Now we train an [LDA model](https://radimrehurek.com/gensim/auto_examples/tutorials/run_lda.html) with 10 topics on the TF-IDF corpus. Save it to a variable `model_lda`.

In [12]:
model_lda = models.LdaModel(
    corpus=corpus_bow,
    id2word=dictionary,
    num_topics=10,
)

Let's inspect the first 5 topics of our model.

In [13]:
model_lda.print_topics(5)

[(3,
  '0.012*"australia" + 0.009*"mr" + 0.007*"australian" + 0.005*"two" + 0.005*"year" + 0.005*"world" + 0.005*"india" + 0.005*"also" + 0.005*"police" + 0.004*"last"'),
 (7,
  '0.015*"mr" + 0.007*"us" + 0.005*"afghanistan" + 0.005*"people" + 0.005*"bin" + 0.005*"states" + 0.005*"united" + 0.004*"two" + 0.004*"australian" + 0.004*"laden"'),
 (9,
  '0.008*"government" + 0.007*"new" + 0.007*"mr" + 0.007*"us" + 0.006*"afghanistan" + 0.006*"people" + 0.005*"south" + 0.005*"qantas" + 0.004*"australia" + 0.004*"two"'),
 (5,
  '0.007*"mr" + 0.007*"palestinian" + 0.006*"new" + 0.006*"people" + 0.005*"australian" + 0.005*"would" + 0.004*"fire" + 0.004*"police" + 0.004*"government" + 0.004*"last"'),
 (2,
  '0.011*"mr" + 0.007*"palestinian" + 0.005*"arafat" + 0.005*"israeli" + 0.005*"australia" + 0.004*"minister" + 0.004*"test" + 0.004*"new" + 0.004*"security" + 0.004*"first"')]

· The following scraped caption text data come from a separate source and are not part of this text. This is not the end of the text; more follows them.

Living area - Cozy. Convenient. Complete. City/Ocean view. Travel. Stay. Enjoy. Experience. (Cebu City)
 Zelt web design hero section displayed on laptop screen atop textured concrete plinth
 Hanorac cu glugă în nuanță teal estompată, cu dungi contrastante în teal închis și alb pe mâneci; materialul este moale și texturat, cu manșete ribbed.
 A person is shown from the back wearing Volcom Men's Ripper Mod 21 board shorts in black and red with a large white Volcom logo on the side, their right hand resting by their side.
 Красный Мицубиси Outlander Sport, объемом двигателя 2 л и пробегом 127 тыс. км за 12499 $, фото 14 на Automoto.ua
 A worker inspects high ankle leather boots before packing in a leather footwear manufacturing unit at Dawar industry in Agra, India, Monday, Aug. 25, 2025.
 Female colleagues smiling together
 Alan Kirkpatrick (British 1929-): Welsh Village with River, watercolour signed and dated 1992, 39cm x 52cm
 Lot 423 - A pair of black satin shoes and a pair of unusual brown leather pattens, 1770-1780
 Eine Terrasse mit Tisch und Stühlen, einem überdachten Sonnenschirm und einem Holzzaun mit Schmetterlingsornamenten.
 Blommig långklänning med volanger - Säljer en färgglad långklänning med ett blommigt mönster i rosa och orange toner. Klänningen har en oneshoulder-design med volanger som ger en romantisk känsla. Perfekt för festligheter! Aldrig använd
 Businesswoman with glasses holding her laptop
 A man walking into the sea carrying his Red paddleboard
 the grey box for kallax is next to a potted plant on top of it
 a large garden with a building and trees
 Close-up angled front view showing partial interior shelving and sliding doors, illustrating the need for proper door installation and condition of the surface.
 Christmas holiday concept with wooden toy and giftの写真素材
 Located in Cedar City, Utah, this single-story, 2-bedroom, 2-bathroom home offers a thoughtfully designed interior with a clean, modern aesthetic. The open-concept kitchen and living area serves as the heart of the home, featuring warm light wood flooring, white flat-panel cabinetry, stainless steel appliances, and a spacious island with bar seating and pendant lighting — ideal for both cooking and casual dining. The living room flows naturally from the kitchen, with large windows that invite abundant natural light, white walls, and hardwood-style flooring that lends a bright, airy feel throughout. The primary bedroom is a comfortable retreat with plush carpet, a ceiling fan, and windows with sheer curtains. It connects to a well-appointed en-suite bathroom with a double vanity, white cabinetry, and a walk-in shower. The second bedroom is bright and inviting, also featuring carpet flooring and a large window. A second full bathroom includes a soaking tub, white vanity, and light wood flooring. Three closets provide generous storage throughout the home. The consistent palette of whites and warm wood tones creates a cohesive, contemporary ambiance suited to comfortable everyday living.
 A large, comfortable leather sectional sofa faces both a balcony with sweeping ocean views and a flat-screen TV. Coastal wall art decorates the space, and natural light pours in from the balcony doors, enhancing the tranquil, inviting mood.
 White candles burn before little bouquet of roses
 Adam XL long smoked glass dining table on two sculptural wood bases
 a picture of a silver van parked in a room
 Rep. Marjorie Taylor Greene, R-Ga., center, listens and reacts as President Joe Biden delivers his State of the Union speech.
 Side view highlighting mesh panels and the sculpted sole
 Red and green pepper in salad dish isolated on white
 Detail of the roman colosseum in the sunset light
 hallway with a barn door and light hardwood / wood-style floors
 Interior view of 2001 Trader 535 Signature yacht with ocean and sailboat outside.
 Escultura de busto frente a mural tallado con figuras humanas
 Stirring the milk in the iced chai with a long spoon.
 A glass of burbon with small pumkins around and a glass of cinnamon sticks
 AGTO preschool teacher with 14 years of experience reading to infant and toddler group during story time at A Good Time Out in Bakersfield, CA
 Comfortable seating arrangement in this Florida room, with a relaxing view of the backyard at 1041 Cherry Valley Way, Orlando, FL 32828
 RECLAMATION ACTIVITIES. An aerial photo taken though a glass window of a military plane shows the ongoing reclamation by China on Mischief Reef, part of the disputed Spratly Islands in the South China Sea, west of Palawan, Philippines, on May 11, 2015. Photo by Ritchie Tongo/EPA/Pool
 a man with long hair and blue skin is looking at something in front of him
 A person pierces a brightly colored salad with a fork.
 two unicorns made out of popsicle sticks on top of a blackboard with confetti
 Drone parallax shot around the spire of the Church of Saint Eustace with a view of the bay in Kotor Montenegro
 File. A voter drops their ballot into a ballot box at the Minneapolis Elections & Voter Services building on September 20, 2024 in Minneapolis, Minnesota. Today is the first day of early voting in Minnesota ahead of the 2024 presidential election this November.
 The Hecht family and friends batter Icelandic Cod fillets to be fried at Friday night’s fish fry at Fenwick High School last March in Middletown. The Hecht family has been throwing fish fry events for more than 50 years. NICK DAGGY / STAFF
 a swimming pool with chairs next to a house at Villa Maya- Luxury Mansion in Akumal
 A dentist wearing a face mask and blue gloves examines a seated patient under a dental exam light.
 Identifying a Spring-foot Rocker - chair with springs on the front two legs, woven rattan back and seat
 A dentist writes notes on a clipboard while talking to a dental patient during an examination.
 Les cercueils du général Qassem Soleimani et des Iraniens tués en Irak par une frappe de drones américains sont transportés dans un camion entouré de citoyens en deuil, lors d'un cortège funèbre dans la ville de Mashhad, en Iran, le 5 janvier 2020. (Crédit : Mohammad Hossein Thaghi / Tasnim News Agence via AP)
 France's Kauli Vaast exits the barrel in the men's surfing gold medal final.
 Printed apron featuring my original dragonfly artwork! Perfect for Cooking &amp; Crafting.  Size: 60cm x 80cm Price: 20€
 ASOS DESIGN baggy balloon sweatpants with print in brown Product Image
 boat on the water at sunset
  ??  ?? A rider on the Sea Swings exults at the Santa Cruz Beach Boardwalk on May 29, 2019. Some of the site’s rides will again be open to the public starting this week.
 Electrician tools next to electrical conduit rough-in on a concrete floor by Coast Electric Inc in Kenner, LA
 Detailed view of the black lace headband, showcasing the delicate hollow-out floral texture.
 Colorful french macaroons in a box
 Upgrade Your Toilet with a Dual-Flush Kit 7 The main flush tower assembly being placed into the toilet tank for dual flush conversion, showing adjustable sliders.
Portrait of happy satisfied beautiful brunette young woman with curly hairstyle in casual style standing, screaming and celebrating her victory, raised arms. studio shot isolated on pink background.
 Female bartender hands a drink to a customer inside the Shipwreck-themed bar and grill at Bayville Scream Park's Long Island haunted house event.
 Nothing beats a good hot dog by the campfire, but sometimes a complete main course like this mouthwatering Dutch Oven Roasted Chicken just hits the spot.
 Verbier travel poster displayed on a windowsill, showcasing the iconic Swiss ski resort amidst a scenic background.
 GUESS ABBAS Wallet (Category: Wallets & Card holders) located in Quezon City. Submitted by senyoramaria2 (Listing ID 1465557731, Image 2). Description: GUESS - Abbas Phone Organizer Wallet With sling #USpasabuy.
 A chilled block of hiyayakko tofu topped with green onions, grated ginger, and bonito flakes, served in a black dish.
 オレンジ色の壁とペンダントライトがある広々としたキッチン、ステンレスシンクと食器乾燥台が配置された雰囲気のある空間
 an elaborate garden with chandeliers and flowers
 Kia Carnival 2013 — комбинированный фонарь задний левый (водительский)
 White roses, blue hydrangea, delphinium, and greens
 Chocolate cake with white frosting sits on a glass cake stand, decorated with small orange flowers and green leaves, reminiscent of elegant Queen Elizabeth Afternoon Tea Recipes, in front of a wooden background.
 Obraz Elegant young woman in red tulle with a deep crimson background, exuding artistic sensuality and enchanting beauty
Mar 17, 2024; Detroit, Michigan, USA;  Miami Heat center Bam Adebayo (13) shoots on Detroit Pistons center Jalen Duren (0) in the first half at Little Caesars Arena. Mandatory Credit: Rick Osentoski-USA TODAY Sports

We see the 5 topics with the highest importance. For each topic, the 10 most important words are shown, together with their coefficient of "alignment" to the topic.

## Document Similarity
We now use our LDA model to compare the similarity of new documents (*queries*) to documents in our collection.

First, create an index of the news articles in our corpus. Use the `MatrixSimilarity` transformation as described in gensim's [similarity queries tutorial](https://radimrehurek.com/gensim/auto_examples/core/run_similarity_queries.html).

In [14]:
from gensim import similarities

index = similarities.MatrixSimilarity(model_lda[corpus_tfidf])

Now, write a function that takes a query string as input and returns the LDA representation for it. Make sure to apply the same preprocessing as we did to the documents.

In [None]:
doc = "Human computer interaction"
# TODO: preprocessing before doc2bow conversion
vec_bow = dictionary.doc2bow(doc.lower().split())
vec_lsi = lsi[vec_bow]  # convert the query to LSI space
print(vec_lsi)



Print the top 5 most similar documents, together with their similarities, using your index created above.

Run your code again, now training an LDA model with 100 topics. Do you see a qualitative difference in the top-5 most similar documents?